Greyfriars Kirkyard is said to be the most haunted place in the world with over 500 paranormal ghost attacks having been reported since 1998.
A homeless man is supposed to have disturbed the slumbering soul of Lord Advocate Sir George Mackenzie, known as Bluidy MacKenzie by his victims.
So, what do you think? Do you believe that Mackenzie’s ghost is haunting the site where he and thousands of his victims have been buried? If you don’t feel the haunting to be true, you can go Greyfriars Kirkyard and take the City of the Dead Haunted Graveyard Tour when you are in Edinburgh next time.
But before you do, read this article thoroughly because you should know that there have been several attacks on tourists from the Mackenzie Poltergeist in the graveyard with many having photographic evidence of their injuries.
Who Was Sir George Mackenzie?
Historians state that Sir George Mackenzie was a monster in the guise of a human when he is judged by his actions throughout his life, especially the 18,000 plus people who died by his order.
He was said to be so very educated and masterfully skilled at hiding his monstrous side, such that even his wife and family didn’t truly know who he was. Mackenzie was also speculated to have written the first novel from Scotland.
Originally, Greyfriars Kirkyard was a prison which became the burial grounds for most of his prisoners as they were tortured to death after being imprisoned.
It is recorded that he died in 1691 and was buried in a black mausoleum just a few feet from where his victims were buried in Greyfriars Kirkyard.
Why Was He Called Bluidy MacKenzie?
To understand why George Mackenzie was called Bluidy (Bloody) MacKenzie, we first need to understand the crimes he committed for enforcing the King’s Religion to his countrymen, whether they liked it or not.
King Charles II had ascended the throne in the 17th century where he swiftly revoked the right for Covenanters to follow any other religion but the state religion which was met with strong opposition.
This led the king to appoint Lord Advocate Sir George Mackenzie to make the rebel Presbyterian Covenanters accept the new religion he wanted Great Britain to follow.
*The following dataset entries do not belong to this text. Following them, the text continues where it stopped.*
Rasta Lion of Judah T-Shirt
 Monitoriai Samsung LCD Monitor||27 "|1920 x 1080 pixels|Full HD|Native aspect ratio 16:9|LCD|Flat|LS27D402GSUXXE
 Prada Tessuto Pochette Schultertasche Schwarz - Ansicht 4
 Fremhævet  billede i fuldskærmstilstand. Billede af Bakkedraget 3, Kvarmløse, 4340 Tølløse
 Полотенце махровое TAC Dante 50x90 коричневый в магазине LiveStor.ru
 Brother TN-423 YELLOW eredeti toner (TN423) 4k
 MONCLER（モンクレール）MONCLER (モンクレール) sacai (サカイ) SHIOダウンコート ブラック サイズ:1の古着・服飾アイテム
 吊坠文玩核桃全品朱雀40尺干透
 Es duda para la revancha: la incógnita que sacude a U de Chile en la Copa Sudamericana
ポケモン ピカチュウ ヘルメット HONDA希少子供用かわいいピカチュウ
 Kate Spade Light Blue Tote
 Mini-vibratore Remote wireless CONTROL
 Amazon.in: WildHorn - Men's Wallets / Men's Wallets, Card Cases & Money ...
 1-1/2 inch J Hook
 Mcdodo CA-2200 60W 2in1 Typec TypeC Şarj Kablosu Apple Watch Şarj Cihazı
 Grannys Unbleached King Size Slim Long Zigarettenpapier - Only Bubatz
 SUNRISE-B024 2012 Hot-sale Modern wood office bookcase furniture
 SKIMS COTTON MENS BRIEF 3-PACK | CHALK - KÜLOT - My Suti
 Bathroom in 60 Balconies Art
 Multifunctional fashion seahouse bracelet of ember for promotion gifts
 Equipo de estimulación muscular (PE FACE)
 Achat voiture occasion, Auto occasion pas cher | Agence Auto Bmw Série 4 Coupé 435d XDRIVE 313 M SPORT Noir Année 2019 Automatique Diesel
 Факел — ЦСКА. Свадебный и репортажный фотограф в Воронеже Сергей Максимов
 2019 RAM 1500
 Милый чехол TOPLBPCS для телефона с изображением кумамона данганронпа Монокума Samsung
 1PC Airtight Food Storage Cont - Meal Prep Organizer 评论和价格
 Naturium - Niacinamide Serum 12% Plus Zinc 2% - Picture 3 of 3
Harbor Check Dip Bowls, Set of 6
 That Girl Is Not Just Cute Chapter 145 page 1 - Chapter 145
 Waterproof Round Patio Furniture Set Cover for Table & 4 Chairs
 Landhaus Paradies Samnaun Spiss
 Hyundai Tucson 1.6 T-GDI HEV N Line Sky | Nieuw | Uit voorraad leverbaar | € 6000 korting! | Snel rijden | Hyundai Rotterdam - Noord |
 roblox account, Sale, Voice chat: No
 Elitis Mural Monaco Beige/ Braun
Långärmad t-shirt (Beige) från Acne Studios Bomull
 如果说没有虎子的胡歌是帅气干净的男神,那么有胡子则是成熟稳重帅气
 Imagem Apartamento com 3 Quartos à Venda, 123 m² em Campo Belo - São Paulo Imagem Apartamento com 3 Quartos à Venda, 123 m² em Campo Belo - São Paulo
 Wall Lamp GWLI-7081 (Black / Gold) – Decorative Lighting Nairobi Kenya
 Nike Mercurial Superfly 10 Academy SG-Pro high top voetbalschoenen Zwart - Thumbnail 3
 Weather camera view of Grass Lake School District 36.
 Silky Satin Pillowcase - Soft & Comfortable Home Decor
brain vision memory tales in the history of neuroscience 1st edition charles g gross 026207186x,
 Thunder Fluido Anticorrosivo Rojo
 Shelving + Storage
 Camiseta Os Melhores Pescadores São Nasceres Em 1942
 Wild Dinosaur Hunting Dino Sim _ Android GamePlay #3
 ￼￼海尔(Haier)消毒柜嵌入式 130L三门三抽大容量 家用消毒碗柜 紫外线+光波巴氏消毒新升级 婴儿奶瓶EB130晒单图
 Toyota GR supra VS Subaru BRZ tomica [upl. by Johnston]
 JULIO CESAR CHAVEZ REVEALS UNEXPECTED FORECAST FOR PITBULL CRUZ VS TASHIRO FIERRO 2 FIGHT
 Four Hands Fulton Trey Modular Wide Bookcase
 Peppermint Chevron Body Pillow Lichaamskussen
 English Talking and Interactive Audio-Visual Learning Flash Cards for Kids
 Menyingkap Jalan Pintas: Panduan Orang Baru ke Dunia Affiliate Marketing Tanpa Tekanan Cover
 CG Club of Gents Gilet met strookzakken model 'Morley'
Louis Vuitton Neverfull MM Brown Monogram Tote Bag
But since the Covenanters were unwilling to part with their religion, a bloody and violent battle was fought on 22 June 1679.
This battle was later known as the Bothwell Brig where the Presbyterian Covenanters were defeated swiftly, leading many to be captured as prisoners to be sent to Greyfriars Kirkyard.
Here, in the cold, damp and dark prison, many, if not most prisoners were subjected to tortures that wouldn’t abide by even the most basic human rights.
These captives who died in prison and were buried there, under the terror of George Mackenzie, gave him the nickname Bluidy Mackenzie.
The Exploits Of Mackenzie’s Poltergeist:
The slumbering ghost of Mackenzie was said to be quietly sleeping until a homeless man decided to break into the tomb in 1998 to search for antiques that could be sold.
Unfortunately for him, while trying to get to the coffin, the floor of the vault gave way where he fell right into a pit of bodies from victims of a long-forgotten plague.
This homeless man was then found screaming in terror while he escaped the cemetery and into the woods, never to be seen again.
Once the Poltergeist of Mackenzie was awakened, it found other victims soon after, like a lady who heard of the break-in and decided to take a look herself.
She was said to have been standing on the steps of the tomb when she was sent flying by an unknown force. That’s not all. Another woman soon after the first incident was found unconscious near the tomb with markings and bruises on her neck indicating someone or something tried to strangle her to death.
After these events, the Mackenzie Poltergeist became famous through the internet with people coming from around the world to see if the stories and rumors about the ghost were true. Unfortunately, many visitors found out firsthand the reality of the situation when they found themselves being attacked and hurt without explanation.
There is even photographic evidence that has many convinced of the malevolent spirit’s existence. Over 500 attacks by the Poltergeist have been reported with injuries ranging from unexplained burns, gouges to the abdominal region and neck as well as many broken bones in the fingers.
There have also been women who have stated that they felt themselves being paralyzed for a moment because something was tugging their hair downwards.
But wait, this is not the end of the hair rising accounts of Mackenzie’s Poltergeist as there is also an exorcist that visited the haunted site.
The Conclusion Reached From The Exorcist
In 2000, Colin Grant, who was an exorcist followed ghost hunters to Greyfriars Kirkyard where he was set to exorcise the poltergeist of Mackenzie.
After starting to perform the exorcism in the Kirkyard, he soon stopped the exorcism and immediately left the graveyard, stating that he feared for his life when he felt surrounded by hundreds of evil spirits and tormented souls.
While this may not be surprising to most of you who don’t believe in exorcism, you will be shocked to find out that Grant died a month later due to a sudden and unexplainable heart attack.
Such a shocking and mysterious fact that honestly should scare you into never going close to Greyfriars Kirkyard ever.
But if poltergeists and ghosts don’t scare you, maybe you should consider taking your next overseas trip to beautify Scotland and the haunted Greyfriars Kirkyard in Edinburgh.